Leslie’s intervention and the arrival the doctor calms the crowd some. The sound of sirens in the distance might also have something to do with it. In short order, the doctor, who smells soothingly of lavender, has Haji lying flat on the tarmac and is assessing him.
“Your friend has a very bad concussion,” the doctor says. “He’ll need to be hospitalized for observation and to check for bleeding on his brain.”
“No. No. Will he be okay?” I say and glance at Dalia who is tearing up. “He’ll be okay, right?”
“With proper medical treatment he should recover,” the doctor says.
She is about to move on to assessing Devin when a shriek splits the air. The crowd screams and points toward the field. Lumbering across the pasture is Mauve with a steaming black scar on her chest.
The doctor’s eyes go wide. “What in the world…”
“It’s okay,” I say. “The dragon is with us. She won’t hurt you.”
The doctor nods and gives me a strained smile and turns her attention back to Devin.
Leslie and Jason come to my side. Jason offers me granola bars and water retrieved from the SUV. Leslie gives me a pair of my own pants and a double layer of socks to keep my feet warm. I gratefully pull on the clothing, then start downing the granola bars and gulping water.
Two police officers show up with guns drawn, yelling at the crowd to disperse. We huddle together along with the ER doctor. The police approach, pointing their weapons at us. Leslie and Jason try to talk to them but are screamed at to stay down and keep quiet. From somewhere behind us in the field, Mauve roars. One of the cops starts shooting. I glance over my shoulder to see Mauve not more than twenty feet away with her wings outspread. The bullets, if any hit her, have no discernible effect. With a roar, she raises her head skyward and lets out a great gout of crackling flame.

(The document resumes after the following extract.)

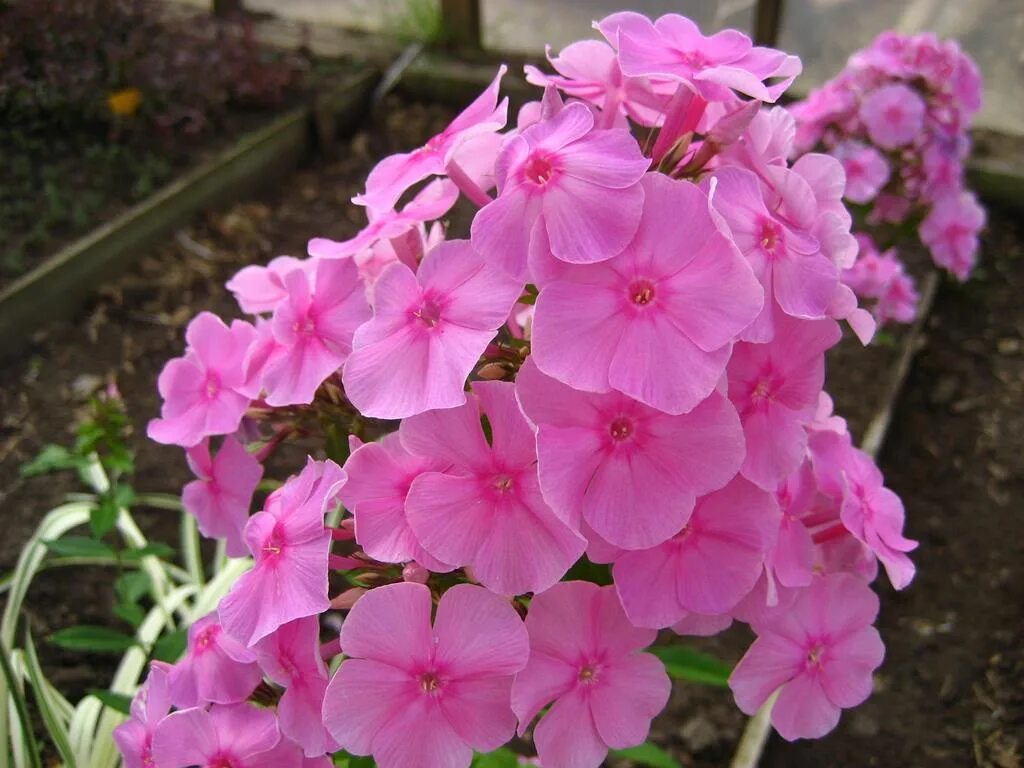 Флокс метельчатый кокетка. Флокс метельчатый sandringham. Выращивание флоксов метельчатых. Флокс метельчатый мисс мэри. Флокс метельчатый.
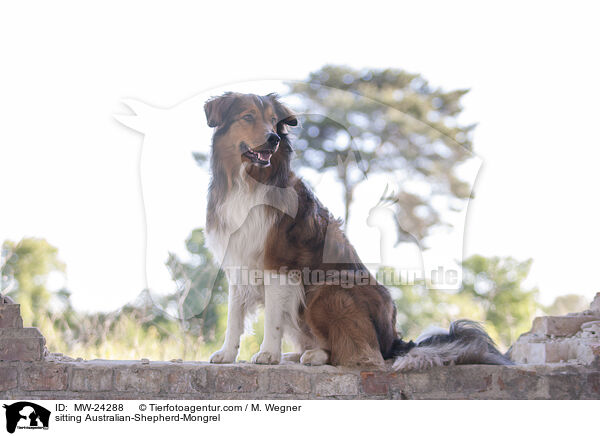 sitzender Australian-Shepherd-Mix / sitting Australian-Shepherd-Mongrel / MW-24288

The crowd, which hasn’t totally dispersed, turns on the cops.
“You’re making that thing mad, you dumbasses!”
“That’s a dragon! Your guns won’t do shit!”
Faced with a dragon and angry bystanders, the cops retreat to their cruisers across the road.
Mauve lumbers over to the ditch so she is right across from us. She glares at me with her coppery eyes, then turns her gaze toward Mount Rainier. The peak is barely visible above a forested ridge.
“I’m too weak. I won’t be able to transform,” I tell her.
She roars and snatches me in her claws.
“Okay. I’ll come. Let me say goodbye.”
“We’ll take care of them. Go. Close the gateway,” Leslie says and takes Jason by the hand. “We got this. Don’t worry.”
Jason nods. “We won’t let anything happen to them.”
For some reason, maybe her tone or body language or both, I know Leslie will do anything to keep my friends and even Devin safe.
“Thank you,” I say and turn to Dalia.
“I’m going with you,” Dalia says.
“You can’t. You won’t be able to do anything,” I say and kneel next to Haji, who is unconscious. I kiss him lightly on his sweaty brow. “Pull through, Haji. You can do it. Don’t give up.”
When I stand up, Dalia is melting me with her laser eyes. “I’m coming. You say I won’t be able to help? Like you’ll be able to do anything. I heard what you said to Mauve. You’re too weak to transform.”
“I’m regaining my strength. Stay here. I need to know you’re safe. Haji will need you when he wakes up.”
“Haji has Leslie and Jason. What are you worried about? That I’ll get in the way? I won’t.”